● WORK TO COMPLETE
Please reproduce all the data exactly as written and omit the pictures.

RAW DATA below:

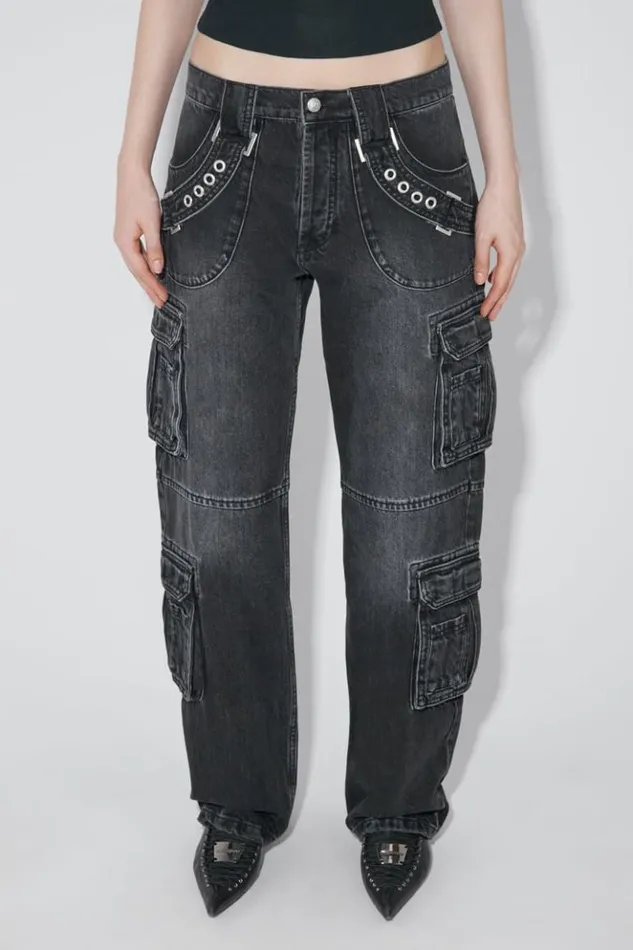 Women Trousers MISBHV Harness Strap Cargo Trousers Black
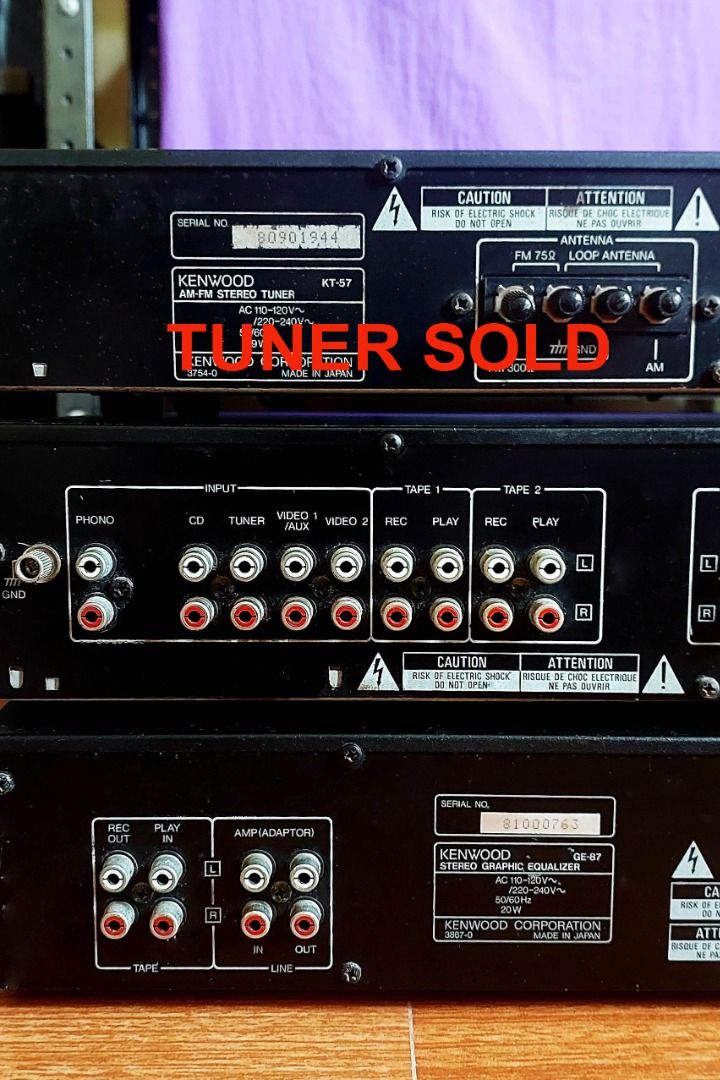 2 Layer Kenwood Control Preamp KC207 & Kenwood Graphic Equalizer GE87 all in Working Condition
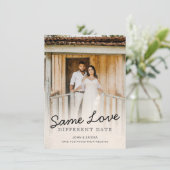 Faire-part Simple Chic Écriture Photo Report de Mariage (Debout devant)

End of RAW DATA.

● ANSWER TO THE EXERCISE
 Women Trousers MISBHV Harness Strap Cargo Trousers Black
 2 Layer Kenwood Control Preamp KC207 & Kenwood Graphic Equalizer GE87 all in Working Condition
 Faire-part Simple Chic Écriture Photo Report de Mariage (Debout devant)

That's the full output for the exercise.